With the collapse of the Republicans’ plan to repeal and replace Obamacare, employers’ and business owners will probably experience significant premium increases again this year, especially if they are on an ACA plan and have not been grandfathered in. Having said that, it is imperative for employers to recognize that cost shifting these increases to employees through higher payroll deduction, larger deductibles and out-of-pocket costs will no longer work. This is especially true with the tightening of the job market and the improvement of the economy. So the question is, what is the answer to holding health insurance costs to a minimum for employers with 5 to 50 lives?
The answer is the level premium model which is not governed by the ACA State Department of Insurance regulations on a state-to-state basis. The single biggest reason for price differentiation between these level premium plans and the ACA plans lies in the fact that the level premium model is written on the Employee Retirement Income Security Act (ERISA), which governs large self-funded plans for companies like Whole Foods, Home Depot, Costco and more. Therefore, they avoid the Obamacare taxes and regulations that are part of ACA.
Because these plans are medically underwritten, each population is judged on its own demographics and they are not community rated on the 3 to 1 ratio of Obamacare.

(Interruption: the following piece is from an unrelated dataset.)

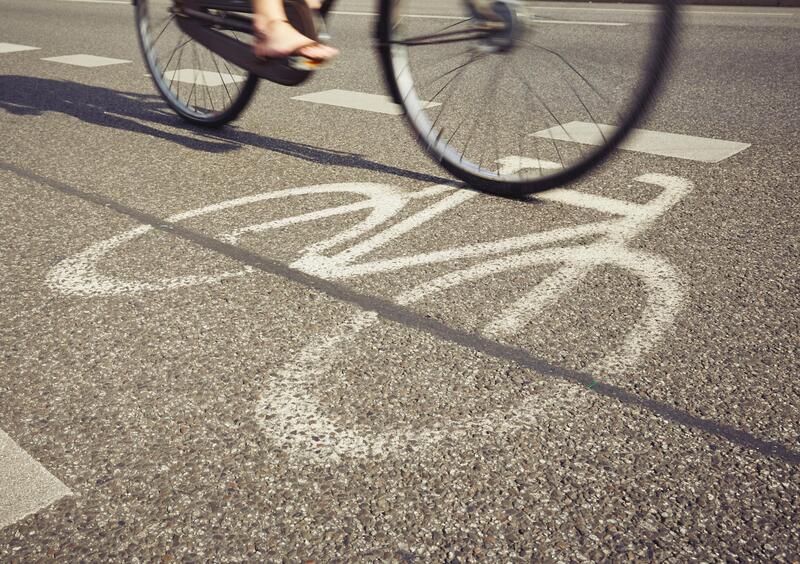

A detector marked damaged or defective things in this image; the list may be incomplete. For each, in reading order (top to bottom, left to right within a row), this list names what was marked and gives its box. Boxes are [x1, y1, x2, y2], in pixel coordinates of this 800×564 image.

Employers using level premium plans receive composite rates that simplify employee contribution and the payroll reduction process. The level premium plans can save as much as 30% over the ACA plans. In addition to these cost savings, employers can recoup unused dollars from a claims fund at the end of the policy year.
The level premium model can be a great solution for small employers, allowing them to take advantage of the ERISA platform and the savings it provides, just like the large, national employers do.